Q342 Mr Watts: What happens when something goes wrong and you have identified it as going wrong? Do you not need levers to pull to make effective change?
Michael Whitehouse: Of course, if you see something go wrong you have to take action as quickly as possible and there are different ways in which you can take the intervention that may be needed. In my case, it may be an issue around the quality of a product. The leverage I have with the individual teams and the different people within the organisation is that I can hold them to account, I can initiate things and I can initiate remedial action, but I don’t have something precise or easily defined. A lot depends on the nature of the problem you are dealing with.
Q343 Mr Watts: The point I am trying to get at is if something has gone wrong and you have identified where it is wrong, haven’t you got to have the ability to make that change? That may mean structural change or staff change, but you have got to have some power as well as everything else.
Michael Whitehouse: I agree totally. If there was a structural change needed, I would refer that to the Comptroller and Auditor General for discussion and our wider leadership team and we would agree as a group the change needed. In some instances, immediate action may be needed. That may be a coping action before you get to a longer-term solution, in which case, I would probably make that decision, which I have the authority to do.
Q344 Jesse Norman: Mr Manzoni, will you characterise the difference between a CEO and COO? You said the CEO was the point at which the functional and the line management roles met. What was the contrast with the COO? Was it purely line management? You didn’t quite fill that out.
John Manzoni: No, I didn’t. It is different in Government, as many things turn out to be different in the public sector.
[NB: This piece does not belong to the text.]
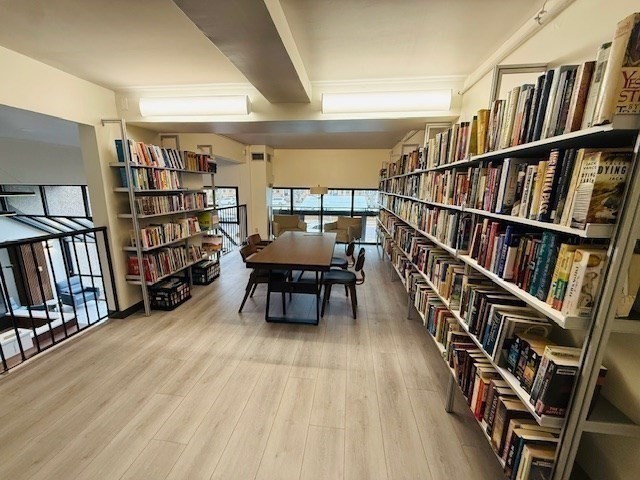 1731 Beacon Street, Unit 512 Brookline, MA 02445 - Photo 30 of 41 a living room with lots of furniture and a book shelf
In the private sector, the COO would normally be, on behalf of the CEO, overseeing most of the line activity and delivery activity. They are the chief operating officer so they are in charge of the operations, and the CEO would have functions such as strategy, technology and other things coming, and would then have a sort of span-breaking COO. That is the normal private sector practice. It is not thus here.
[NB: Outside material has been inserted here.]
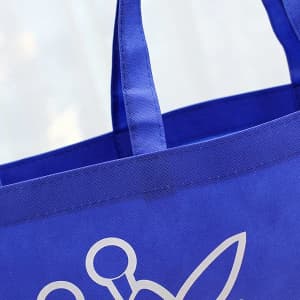 A blue non-woven grocery bag featuring sturdy handles and a logo design.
Q345 Jesse Norman: Is there a meaningful difference, just to be clear, in Government, or can we pass over that?
John Manzoni: We have declared some COOs in Government—Michael is one—but some Departments have COOs. It turns out that in the public sector, the COOs are more normally in charge of several of the services and functions in the Department, which is quite the reverse of the private sector. That is just how it has evolved.
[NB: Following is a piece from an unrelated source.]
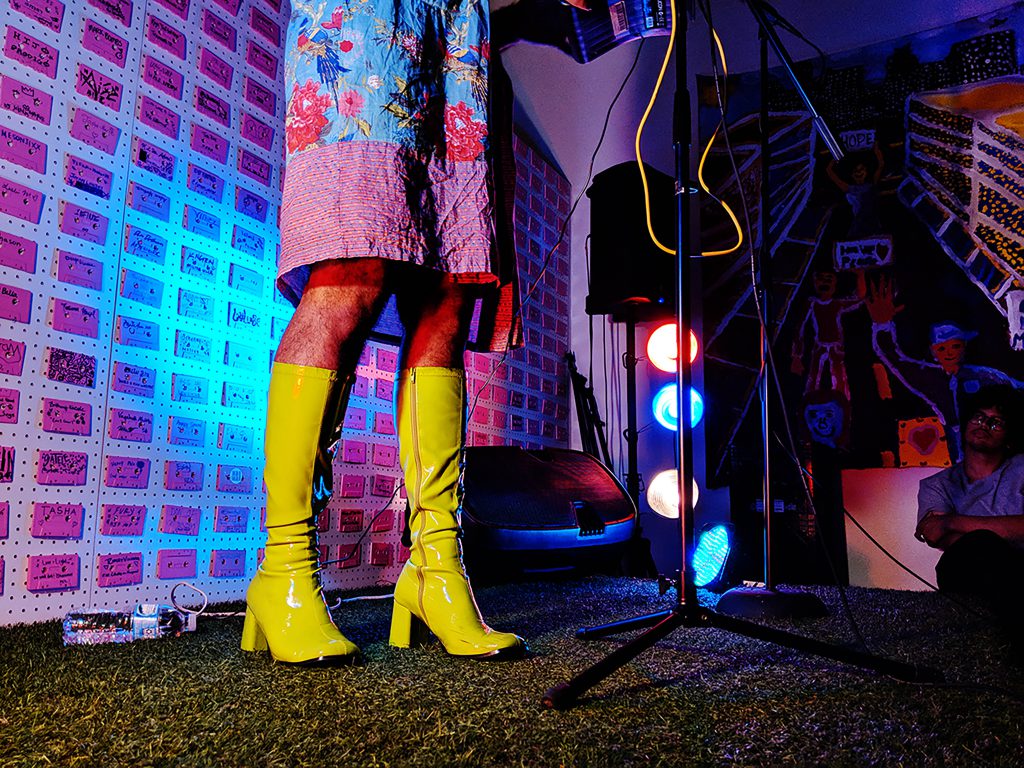 Image: Alok's lime green, patent leather gogo boots stand out on astroturf covered stage. Photo by Chelsea Ross.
Q346 Jesse Norman: That is very interesting. Obviously you have limited experience now, but just from what you have seen, can you talk a bit about whether there are particular constraints to being a chief executive in a political environment?
John Manzoni: There are differences. The agenda is perhaps a little more apt to change.
Jesse Norman: We enjoy that, if I may say so, Mr Manzoni.
John Manzoni: The priorities tend to adjust a little quicker. If I may say, I think that one of the roles of leadership in any organisation is to sort of absorb the exogenous changes and to make it okay and clearer for everybody below.
Q347 Jesse Norman: Even when you are having your chain yanked by politicians of different codes.
John Manzoni: Absolutely. One of the issues for us in the civil service, and maybe why a chief executive post has been created, is that maybe we can create a little more capacity to absorb all of that and make it okay for people who are doing really difficult things over a long time frame and who have to be organised to do that. That is part of the role of leadership.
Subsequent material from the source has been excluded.